Source records:

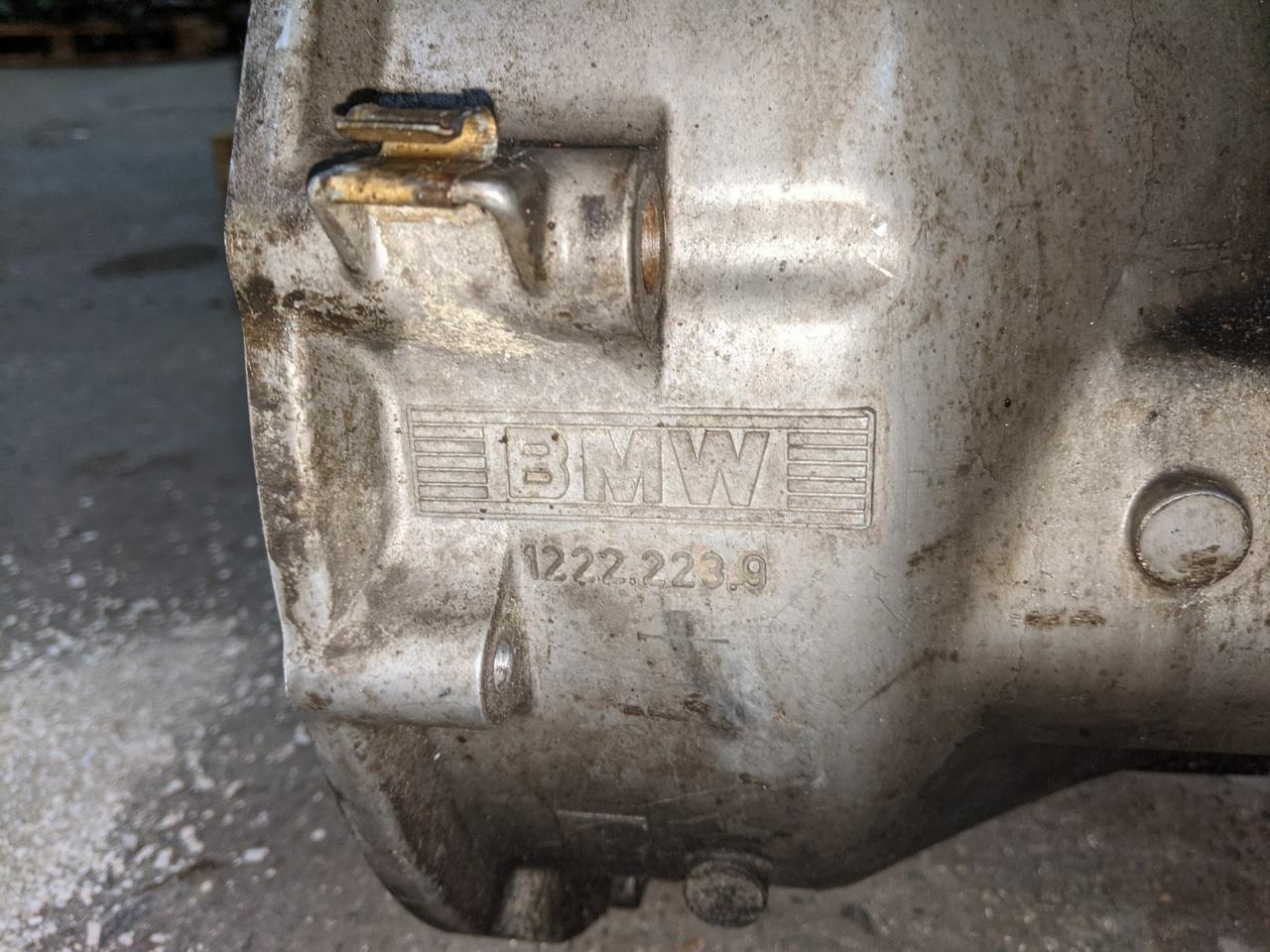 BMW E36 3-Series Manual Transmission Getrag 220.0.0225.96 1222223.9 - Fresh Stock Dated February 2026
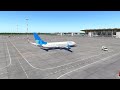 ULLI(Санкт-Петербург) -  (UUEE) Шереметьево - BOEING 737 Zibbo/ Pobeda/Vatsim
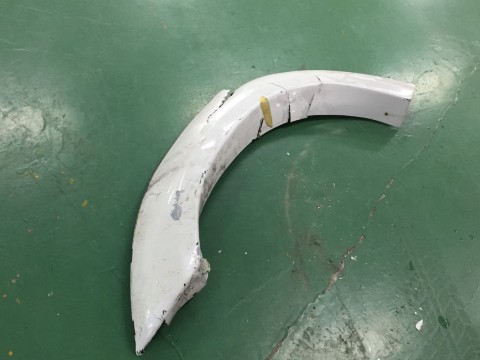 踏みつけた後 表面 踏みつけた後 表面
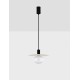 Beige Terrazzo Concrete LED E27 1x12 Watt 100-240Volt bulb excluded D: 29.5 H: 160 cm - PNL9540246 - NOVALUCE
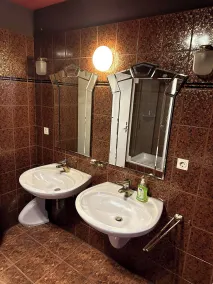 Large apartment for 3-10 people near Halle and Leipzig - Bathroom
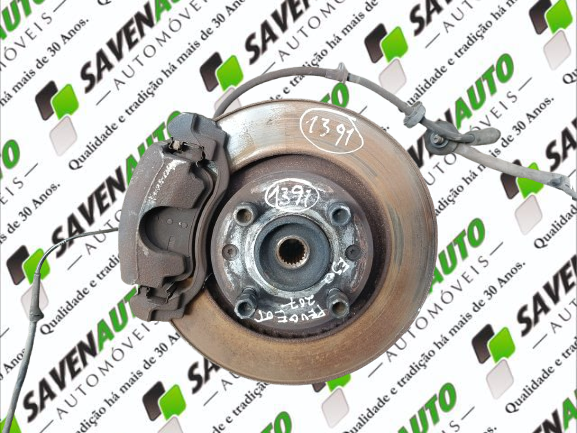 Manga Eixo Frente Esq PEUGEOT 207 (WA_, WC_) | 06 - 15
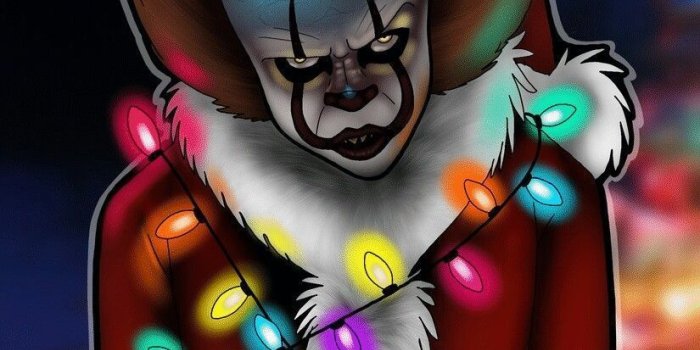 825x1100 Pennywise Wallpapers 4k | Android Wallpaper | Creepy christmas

_What is needed_. For the records above, give every line again exactly and skip the pictures.

_Answer to the problem_.
 BMW E36 3-Series Manual Transmission Getrag 220.0.0225.96 1222223.9 - Fresh Stock Dated February 2026
 ULLI(Санкт-Петербург) -  (UUEE) Шереметьево - BOEING 737 Zibbo/ Pobeda/Vatsim
 踏みつけた後 表面 踏みつけた後 表面
 Beige Terrazzo Concrete LED E27 1x12 Watt 100-240Volt bulb excluded D: 29.5 H: 160 cm - PNL9540246 - NOVALUCE
 Large apartment for 3-10 people near Halle and Leipzig - Bathroom
 Manga Eixo Frente Esq PEUGEOT 207 (WA_, WC_) | 06 - 15
 825x1100 Pennywise Wallpapers 4k | Android Wallpaper | Creepy christmas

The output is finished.